# Making Neural Search Queries Accessible to Everyone with Gradio — Deploying Haystack’s Semantic Document Search with Hugging Face models in Gradio in Three Easy Steps

This is the code accompanying this Medium blog [article](https://medium.com/@duerr.sebastian/making-neural-search-queries-accessible-to-everyone-with-gradio-haystack-726e77aca047).

In [4]:
import gradio as gr

from haystack.nodes import FARMReader, PreProcessor, PDFToTextConverter, DensePassageRetriever
from haystack.nodes import ElasticsearchRetriever
from haystack.document_stores import ElasticsearchDocumentStore
from haystack.utils import launch_es
from haystack.pipelines import ExtractiveQAPipeline

In [2]:
preprocessor = PreProcessor(
    clean_empty_lines=True,
    clean_whitespace=True,
    clean_header_footer=True,
    split_by="word",
    split_length=100,
    split_respect_sentence_boundary=True,
    split_overlap=3
)

def print_answers(results):
    fields = ["answer", "score"]  # "context",
    answers = results["answers"]
    filtered_answers = []
    
    for ans in answers:
        filtered_ans = {
            field: getattr(ans, field)
            for field in fields
            if getattr(ans, field) is not None
        }
        filtered_answers.append(filtered_ans)

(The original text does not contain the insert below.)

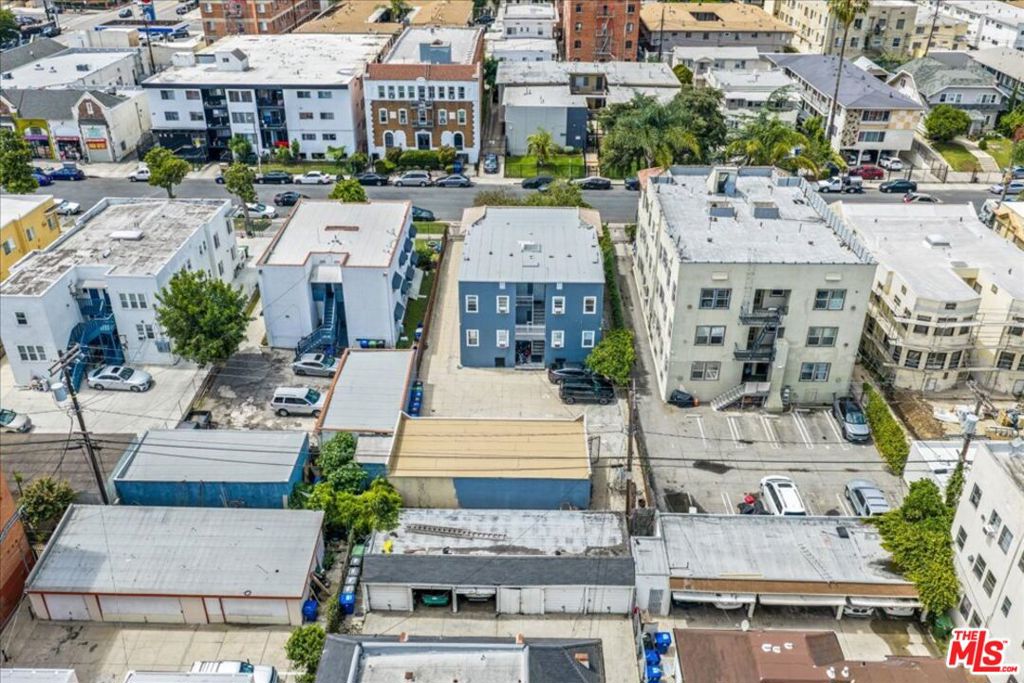 Residential Income in Los Angeles 5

    return filtered_answers

def run_once(f):
    def wrapper(*args, **kwargs):
        if not wrapper.has_run:
            wrapper.has_run = True
            return f(*args, **kwargs)
    wrapper.has_run = False
    return wrapper

reader = FARMReader(model_name_or_path="deepset/roberta-base-squad2")

INFO - haystack.modeling.utils -  Using devices: CPU
INFO - haystack.modeling.utils -  Number of GPUs: 0
INFO - haystack.modeling.model.language_model -  LOADING MODEL
INFO - haystack.modeling.model.language_model -  Could not find deepset/roberta-base-squad2 locally.
INFO - haystack.modeling.model.language_model -  Looking on Transformers Model Hub (in local cache and online)...
INFO - haystack.modeling.model.language_model -  Loaded deepset/roberta-base-squad2
INFO - haystack.modeling.logger -  ML Logging is turned off. No parameters, metrics or artifacts will be logged to MLFlow.
INFO - haystack.modeling.utils -  Using devices: CPU
INFO - haystack.modeling.utils -  Number of GPUs: 0
INFO - haystack.modeling.infer -  Got ya 9 parallel workers to do inference ...
INFO - haystack.modeling.infer -   0     0     0     0     0     0     0     0     0  
INFO - haystack.modeling.infer -  /w\   /w\   /w\   /w\   /w\   /w\   /w\   /|\  /w\ 
INFO - haystack.modeling.infer -  /'\   / \   /'\   

# Sparse Passage Retriever

In [6]:
launch_es()
document_store = ElasticsearchDocumentStore(host="localhost", username="", password="", index="document")

In [7]:
retriever_es = ElasticsearchRetriever(document_store=document_store)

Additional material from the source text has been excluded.